Synthesis, characterization, and gelation and development of liquid crystalline order during isothermal cure of rigid rod epoxy

The liquid crystalline thermoset monomers 4,4′-diglycidyloxy-α-methylstilbene (DOMS) and D2A1 that resulted from reaction between DOMS and aniline were synthesized. The monomers were characterized with cross-polarized optical microscopy, differential scanning calorimetry (DSC) and dynamic thermogravimetric analysis (TGA). DOMS showed monotropic liquid crystalline mesophase and D2A1 showed smectic phase even at room temperature and turned into nematic then cleared upon heating.; DOMS was cured with sulfanilamide (SAA) and D2A1 was cured with catalytic curing agent, 1-methyl imidazole (MI).
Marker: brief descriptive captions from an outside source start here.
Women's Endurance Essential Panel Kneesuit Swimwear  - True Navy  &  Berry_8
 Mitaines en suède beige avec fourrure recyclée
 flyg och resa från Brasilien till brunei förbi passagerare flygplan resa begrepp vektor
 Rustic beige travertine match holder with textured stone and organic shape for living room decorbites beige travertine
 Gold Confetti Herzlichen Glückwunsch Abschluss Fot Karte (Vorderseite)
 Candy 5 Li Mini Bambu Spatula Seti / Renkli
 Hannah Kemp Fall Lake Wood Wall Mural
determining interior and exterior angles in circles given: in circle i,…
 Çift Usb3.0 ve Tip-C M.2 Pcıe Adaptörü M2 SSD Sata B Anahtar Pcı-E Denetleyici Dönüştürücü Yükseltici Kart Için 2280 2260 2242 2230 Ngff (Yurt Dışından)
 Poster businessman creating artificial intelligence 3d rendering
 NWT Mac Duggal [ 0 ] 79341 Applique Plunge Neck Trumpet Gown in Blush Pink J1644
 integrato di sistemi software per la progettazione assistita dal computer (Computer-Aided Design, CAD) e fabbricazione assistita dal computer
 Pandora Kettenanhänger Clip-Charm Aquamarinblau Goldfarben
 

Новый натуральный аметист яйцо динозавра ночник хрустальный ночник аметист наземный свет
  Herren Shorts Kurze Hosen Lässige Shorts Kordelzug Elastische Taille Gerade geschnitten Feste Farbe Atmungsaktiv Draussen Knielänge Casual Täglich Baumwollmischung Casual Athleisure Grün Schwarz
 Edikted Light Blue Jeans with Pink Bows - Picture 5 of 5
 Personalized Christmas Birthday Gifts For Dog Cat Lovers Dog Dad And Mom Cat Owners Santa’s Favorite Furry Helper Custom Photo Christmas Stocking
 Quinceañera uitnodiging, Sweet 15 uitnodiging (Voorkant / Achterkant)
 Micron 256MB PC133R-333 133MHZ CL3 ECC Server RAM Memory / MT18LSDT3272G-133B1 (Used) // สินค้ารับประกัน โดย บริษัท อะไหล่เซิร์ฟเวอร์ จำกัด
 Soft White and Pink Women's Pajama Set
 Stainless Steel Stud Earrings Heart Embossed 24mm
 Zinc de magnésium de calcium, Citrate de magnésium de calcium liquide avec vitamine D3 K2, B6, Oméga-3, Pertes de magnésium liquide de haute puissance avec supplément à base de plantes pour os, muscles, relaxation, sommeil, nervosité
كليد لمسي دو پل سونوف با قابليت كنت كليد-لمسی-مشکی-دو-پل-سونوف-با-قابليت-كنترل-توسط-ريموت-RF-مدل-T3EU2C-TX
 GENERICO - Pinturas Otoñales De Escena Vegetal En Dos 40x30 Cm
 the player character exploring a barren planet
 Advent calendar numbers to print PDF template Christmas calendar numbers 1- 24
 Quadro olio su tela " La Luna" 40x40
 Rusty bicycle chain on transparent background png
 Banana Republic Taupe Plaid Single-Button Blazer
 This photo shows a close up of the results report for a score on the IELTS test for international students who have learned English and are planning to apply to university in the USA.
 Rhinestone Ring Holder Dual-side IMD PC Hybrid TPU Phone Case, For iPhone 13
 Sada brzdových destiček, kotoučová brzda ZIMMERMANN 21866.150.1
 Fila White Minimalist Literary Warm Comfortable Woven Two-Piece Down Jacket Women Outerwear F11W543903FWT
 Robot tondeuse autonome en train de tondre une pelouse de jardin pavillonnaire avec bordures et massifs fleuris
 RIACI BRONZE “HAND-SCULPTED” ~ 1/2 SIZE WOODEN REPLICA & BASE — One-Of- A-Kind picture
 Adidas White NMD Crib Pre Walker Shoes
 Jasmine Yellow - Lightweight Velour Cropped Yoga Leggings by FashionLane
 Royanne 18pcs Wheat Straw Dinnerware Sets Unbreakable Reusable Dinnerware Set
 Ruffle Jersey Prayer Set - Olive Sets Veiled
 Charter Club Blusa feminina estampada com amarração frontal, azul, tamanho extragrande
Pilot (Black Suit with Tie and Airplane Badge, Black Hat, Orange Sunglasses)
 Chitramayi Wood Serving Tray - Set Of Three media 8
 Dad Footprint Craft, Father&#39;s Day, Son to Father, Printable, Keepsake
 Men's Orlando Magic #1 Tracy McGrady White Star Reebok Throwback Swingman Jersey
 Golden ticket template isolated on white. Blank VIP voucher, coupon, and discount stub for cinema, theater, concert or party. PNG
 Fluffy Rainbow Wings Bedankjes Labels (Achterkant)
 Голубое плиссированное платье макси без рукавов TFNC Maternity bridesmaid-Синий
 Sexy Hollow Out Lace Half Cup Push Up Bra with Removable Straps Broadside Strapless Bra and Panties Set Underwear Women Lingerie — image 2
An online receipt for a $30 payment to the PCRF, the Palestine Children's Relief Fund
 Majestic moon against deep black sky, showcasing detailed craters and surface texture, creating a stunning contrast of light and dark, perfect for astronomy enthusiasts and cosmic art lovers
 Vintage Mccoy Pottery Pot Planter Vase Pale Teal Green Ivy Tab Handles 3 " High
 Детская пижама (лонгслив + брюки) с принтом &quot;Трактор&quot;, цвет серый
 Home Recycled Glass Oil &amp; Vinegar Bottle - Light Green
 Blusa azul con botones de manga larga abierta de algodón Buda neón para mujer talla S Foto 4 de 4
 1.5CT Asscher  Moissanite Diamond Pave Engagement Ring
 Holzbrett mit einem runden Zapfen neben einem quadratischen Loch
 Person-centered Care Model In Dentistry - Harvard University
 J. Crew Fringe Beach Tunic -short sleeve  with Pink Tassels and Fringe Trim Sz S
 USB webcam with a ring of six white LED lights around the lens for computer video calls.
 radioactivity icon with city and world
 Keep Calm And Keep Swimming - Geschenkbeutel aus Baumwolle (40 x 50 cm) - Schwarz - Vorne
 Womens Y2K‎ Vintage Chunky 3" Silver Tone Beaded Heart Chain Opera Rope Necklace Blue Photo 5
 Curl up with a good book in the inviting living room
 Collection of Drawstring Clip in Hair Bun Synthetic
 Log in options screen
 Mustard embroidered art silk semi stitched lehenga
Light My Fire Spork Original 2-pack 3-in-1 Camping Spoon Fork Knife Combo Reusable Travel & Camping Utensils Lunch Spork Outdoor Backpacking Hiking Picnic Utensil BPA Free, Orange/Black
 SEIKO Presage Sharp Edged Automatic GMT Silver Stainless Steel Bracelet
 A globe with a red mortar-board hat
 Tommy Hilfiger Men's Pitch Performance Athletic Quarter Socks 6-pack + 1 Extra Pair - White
Thermal stability tests of DOMS-SAA, D2A1-MI and commercial nonliquid crystalline epoxy, diglycidyl ether of bisphenol A (DGEBA) SAA system via dynamic TGA shows that the factor that most influences thermal stability is the molecular structure of the material itself rather than liquid crystalline phases. The %conversion data were determined from dynamic DSC scan to examine the applicability of Flory's gelation theory. The results reveal that even though the amount of reaction that occurs in the liquid crystalline phase is different at different cure temperatures, the isoconversion theory of gelation fits quite well. The actual average value of the conversion at the gel point is 0.677, which is slightly higher than the calculated theoretical value of 0.577 because of the failed assumptions of this theory. That is, there might be reactivity differences among the same types of functional groups and intramolecular connections are possible.; The phase transitions do not show isoconversion behavior in contrast to gelation. Instead, the conversion where phase changes from isotropic to a liquid crystalline phase tends to increase with temperature because the critical length of the molecules needed for the liquid crystallinity increases with temperature.